Property Rentals Part of Growing Economy
The proposed amendments to the Act are said to be presently with the Chief Parliamentary Council, according to Pearnel Charles Jr., Senator and a Minister without Portfolio. The expectation is that the Rent Restriction Act, when amended, will provide a level playing field for both the tenants and the landlords. The government would want all citizens to own their own homes – a goal that may be difficult to achieve. Besides, there is always a section of moving population that creates the market for properties on rent.
The situation prevailing is that the current laws favour either the tenant or the landlord – but never in balance. It has to be made equitable. Only when the landlords feel their rights are protected, will they attempt to build more properties with the purpose of renting them out. It results in the overall growth of the nation’s economy.

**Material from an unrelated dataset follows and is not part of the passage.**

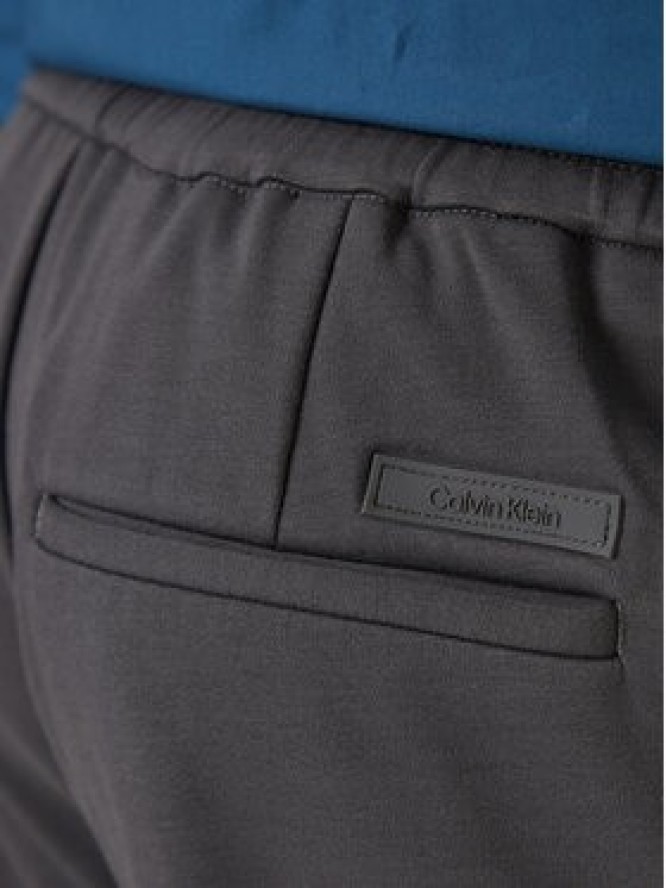 Calvin Klein Chinosy LV04LE613G Szary Slim Fit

Tenant’s Rights Equally Important
While law protects the rights of the property owners, those renting the properties would want their interests to be taken care of too. The Rent Restriction Act is meant to regulate some aspects like the security deposit the landlords demand. This is a key feature missing in the Act as it exists today. Here again, an equitable approach is necessary. The landlord would want to exploit the opportunity and demand deposit worth a few months’ rent, while the tenant would want to pay a minimum.
More importantly, there are cases of the deposits not being fully refunded to the tenants when the property is vacated. These are issues that the Rent Restriction Act must necessarily address and make provisions to control. Pearnel Charles Jr. is confident the amendments under consideration of the government, will indeed offer solutions. He indicated that provisions to ascertain the structural soundness of the property, before being rented out, would be considered within the Act. He also added that suitable provisions will be introduced to ensure the tenants are not taken for a ride with the properties they rent.
Implementation Equally Critical
The Jamaican Parliament may succeed in deliberating and successfully passing the amendments to the Rent Restriction Act soon. However, the real challenge will be in the effective implementation of law on the ground. The powers assigned to a body like the Rent Assessment Board may have to be expanded, to give the law power.